Crispin HT crispin at crookwood.com
Sun May 16 03:56:38 PDT 2021


Hi Mike,

 

I’ve made a few BT designs for domestic speakers, and the latency issue is mostly to do with the Codec.  The default codec (SBC) has a few latency issues, but it should be in the 100mS range rather than seconds.

The standard low latency codec is aptX low latency (renamed now to the catch all aptX adaptive), and this is good enough not to cause lip sync issues when watching films etc.

 

Because the aptX codecs appear in higher grade machines, you’ll have to go up in price,  and you might find it easiest to get an BT chip R&D evaluation kit, and use this instead.  But these are open boards and need a bit of ( simple) programming.

 

Hope this helps

 

Kind Regards

Crispin Herrod-Taylor
Managing Director, Crookwood
 <http://www.crookwood.com/> www.crookwood.com  

Tel: +44 (0)1672 811 649
Mobile:+44(0)7910 637 634

 

Sign up for our great newsletter here <http://crookwood.com/newsletter/> ! and keep up to date with the audio world

 

From: ProAudio <proaudio-bounces at bach.pgm.com> On Behalf Of Mike Rivers via ProAudio
Sent: 16 May 2021 02:08
To: proaudio at bach.pgm.com
Subject: Re: [ProAudio] Bluetooth Latency (or Baby's First Bluetooth)

 

On 5/15/2021 6:45 PM, Louis Judson wrote:

I’ve been through the same thing, Mike, with the same Monoprice units when they were on sale for $22. My house is not big enough for the delay to be ignored! The only cool thing about those “transceivers” is that they also have Toslink digital if you like that. Hmm, I wonder if the latency is different using the digital connexion? I also think that it is characteristic of BT not the Monoprice units… 

 

I then found audio over cat5 cables at PartsExpress for an even lower price, so ran ethernet to the back room and it works pretty well. It’s RCA, not XLR, and sensitive to levels (some hum happens) but no latency…


Thanks for the input, Lou. If I was willing to run wiring, I'd do an analog run and be done with it. But at 78, I'm getting too old and clumsy to crawl through the attic and I was never good at finding a wire once I dropped it through the wall, so it would have to come into the room through a hold drilled through the ceiling at the corner nearest to where I want it, and then run down to the floor in the corner - not as neat as I'd want it. 

As a side note, I'd probably run the audio through Cat5 cable anyway. It's cheap, I have a lot of it, and I've used it successfully for this before.
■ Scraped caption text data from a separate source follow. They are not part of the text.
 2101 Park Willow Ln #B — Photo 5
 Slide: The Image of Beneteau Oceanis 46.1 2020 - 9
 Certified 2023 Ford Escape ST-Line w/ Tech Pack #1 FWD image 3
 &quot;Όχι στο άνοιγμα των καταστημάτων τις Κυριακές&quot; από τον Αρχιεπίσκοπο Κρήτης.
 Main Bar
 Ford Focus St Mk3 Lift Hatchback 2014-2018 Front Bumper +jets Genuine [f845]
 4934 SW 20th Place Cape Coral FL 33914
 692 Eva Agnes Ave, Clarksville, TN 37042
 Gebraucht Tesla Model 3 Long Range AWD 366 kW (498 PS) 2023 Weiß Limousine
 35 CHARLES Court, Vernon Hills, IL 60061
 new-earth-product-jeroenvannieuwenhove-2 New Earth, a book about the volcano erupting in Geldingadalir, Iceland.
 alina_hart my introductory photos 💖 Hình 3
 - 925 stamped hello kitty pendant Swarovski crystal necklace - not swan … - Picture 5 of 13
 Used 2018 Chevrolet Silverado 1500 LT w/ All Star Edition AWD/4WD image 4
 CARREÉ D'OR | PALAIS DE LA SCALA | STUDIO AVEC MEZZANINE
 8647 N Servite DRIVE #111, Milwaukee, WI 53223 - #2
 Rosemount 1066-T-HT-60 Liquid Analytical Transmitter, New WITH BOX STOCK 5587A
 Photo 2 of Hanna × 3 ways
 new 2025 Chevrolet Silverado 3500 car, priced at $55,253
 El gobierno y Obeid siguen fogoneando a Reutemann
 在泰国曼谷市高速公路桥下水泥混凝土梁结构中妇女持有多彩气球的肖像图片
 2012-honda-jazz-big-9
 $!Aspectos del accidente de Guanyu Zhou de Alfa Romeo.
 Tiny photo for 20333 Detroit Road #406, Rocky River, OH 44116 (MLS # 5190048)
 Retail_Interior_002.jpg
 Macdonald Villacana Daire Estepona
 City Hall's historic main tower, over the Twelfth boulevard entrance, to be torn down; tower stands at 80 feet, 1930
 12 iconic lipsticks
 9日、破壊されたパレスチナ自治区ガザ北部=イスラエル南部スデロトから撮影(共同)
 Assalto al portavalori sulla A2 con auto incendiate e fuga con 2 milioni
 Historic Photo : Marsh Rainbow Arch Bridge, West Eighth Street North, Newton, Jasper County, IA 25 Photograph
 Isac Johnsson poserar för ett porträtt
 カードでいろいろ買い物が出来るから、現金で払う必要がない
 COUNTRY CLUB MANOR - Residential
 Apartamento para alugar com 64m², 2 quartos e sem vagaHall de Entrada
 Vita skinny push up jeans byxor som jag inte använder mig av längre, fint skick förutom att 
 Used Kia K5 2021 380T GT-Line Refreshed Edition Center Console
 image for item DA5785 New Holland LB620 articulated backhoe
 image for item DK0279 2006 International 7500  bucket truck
I wire it as if balanced, using two twisted pairs for the left and right channel tip and ring, and another pair each for the sleeve. It makes a bit of an antenna but tolerable for the application, and cheeeeep.  I'm pretty sure that's what's inside the lumps on those Parts Express "extenders," and there are a number of similar gizmos - 4-channel snakes are common. And if I decided to use it for real Cat5 data, the cable would already be there.